Oliver Glasner had never abandoned the idea. Palace’s recruitment team had flagged Guessand in the autumn of 2024, and the Austrian held a Zoom call with the player on the Côte d’Azur before Villa hijacked the deal. When the opportunity arose again in January, Glasner sold Guessand on a specific remit: a left-sided No. 10 in a 3-4-3, free to drift into the striker’s space, run beyond defences and create overloads in transition. It is the same licence that produced his best statistical season at Nice, and early evidence suggests the fit is far more intuitive than the rigid wide role he was asked to perform in the West Midlands.

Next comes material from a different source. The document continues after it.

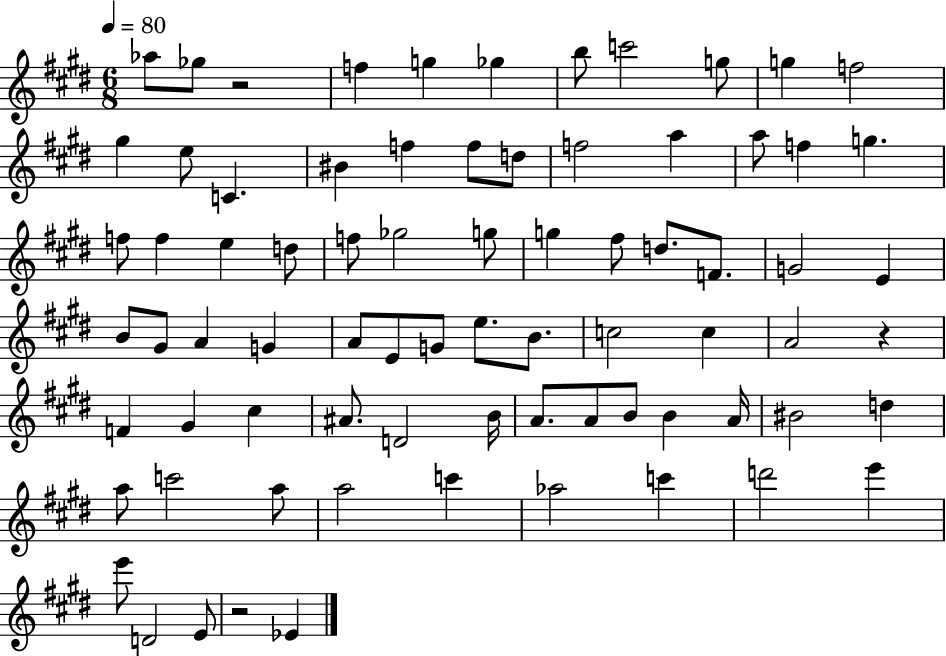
Ab5/e Gb5/e R/h F5/q G5/q Gb5/q B5/e C6/h G5/e G5/q F5/h G#5/q E5/e C4/q. BIS4/q F5/q F5/e D5/e F5/h A5/q A5/e F5/q G5/q. F5/e F5/q E5/q D5/e F5/e Gb5/h G5/e G5/q F#5/e D5/e. F4/e. G4/h E4/q B4/e G#4/e A4/q G4/q A4/e E4/e G4/e E5/e. B4/e. C5/h C5/q A4/h R/q F4/q G#4/q C#5/q A#4/e. D4/h B4/s A4/e. A4/e B4/e B4/q A4/s BIS4/h D5/q A5/e C6/h A5/e A5/h C6/q Ab5/h C6/q D6/h E6/q E6/e D4/h E4/e R/h Eb4/q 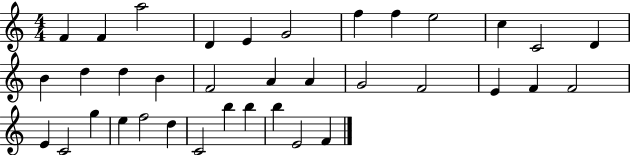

Palace paid a £2 million loan fee and inserted an eight-goal-involvement threshold tied to appearances; trigger it and a further £28 million turns the move permanent. With three direct goal contributions already, Guessand is ahead of schedule. His stoppage-time winner against Wolves, a crisp finish from Tyrick Mitchell’s low cut-back, was followed by a coolly taken strike in the Conference League return leg versus Zrinjski Mostar, sealing progression after he had earlier slipped in Ismaila Sarr for the decisive goal at the Amex. Each intervention has showcased the attributes Glasner prizes: explosive pace, willingness to drive at defenders and the instinct to finish under pressure.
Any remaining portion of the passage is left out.